Storage business models include both customer-owned projects, projects owned by third parties who can more efficiently use the available tax credits and access capital, and utility-owned investments. For customer-sited storage projects, third parties can aggregate small distributed storage resources into a larger “virtual” resource able to participate in wholesale markets, where available, and offer valuable services to distribution utilities or the bulk power system. Some common business models for customer-sited energy storage have emerged in recent years including:

  • Bring Your Own Device: The customer or a third party (aggregator or installer) owns the energy storage device and offers services to utilities or power system operators in exchange for financial compensation.
  • Storage-as-a-Service: The utility or third party owns and controls the energy storage but offers a fraction of its stored energy to customers, when the utility is not using it, in exchange for regular payments from the end-use customer.

The customer-sited storage business model adopted will often depend on several factors including the capacity of utility customers to invest in energy storage, and the ability of utilities to invest, own, and operate energy storage systems behind-the-meter. The details of who owns the system, who makes payments to whom, and who assumes which risks vary between business models and specific pilot project implementations. In all cases, these novel business models have arisen to improve the overall utilization and economics of storage and to accommodate storage’s ability to provide multiple services to multiple parties at different times. Without these business models, it may be difficult for storage operators to fully utilize the system’s value because few customers need all of the services the storage system can provide.

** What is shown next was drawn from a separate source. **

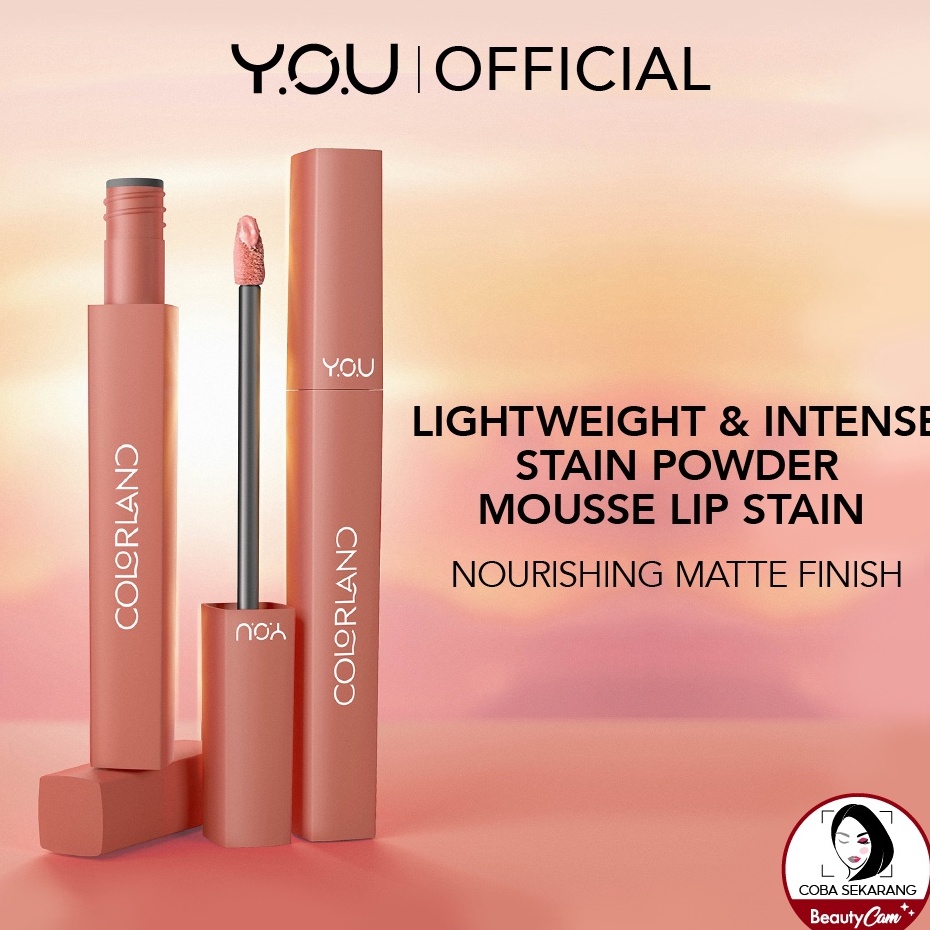 Produk YOU Colorland Powder Mousse Lip Stain | Lip Cream Tahan Lama | Matte Lipstick | Makeup Pigmen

In addition to customer-sited storage models, there are also emerging business models for distribution- and transmission-connected storage systems. These business models, as with those for customer-sited assets, are driven primarily by the fact that few if any individual power system stakeholders will need all of the services that a storage system can provide. Sharing the capabilities of these systems may take both technical and regulatory innovation to ensure that storage systems can provide services to multiple customers and that the storage system is properly compensated for services provided.

Utilities may procure storage through bilateral negotiations or competitive solicitations to meet renewable energy mandates or to serve important grid needs. Competitive solicitations in recent years have generated record-breaking low prices for storage projects deployed with solar and wind.

Reading List

A Framework for Readiness Assessments of Utility-Scale Energy Storage

National Renewable Energy Laboratory, 2021

Integration of greater shares of distributed energy resources and renewable energy are transforming the power sector. Energy storage technologies have the potential to help meet the additional challenges of this transformation, by increasing the flexibility of the power sector and contributing to system strength. This report is intended to inform energy storage investments through the development of a framework for energy storage readiness assessments.  The framework can help policymakers and regulators identify priority areas for energy storage policy and program development. This report addresses barriers and opportunities for utility scale energy storage.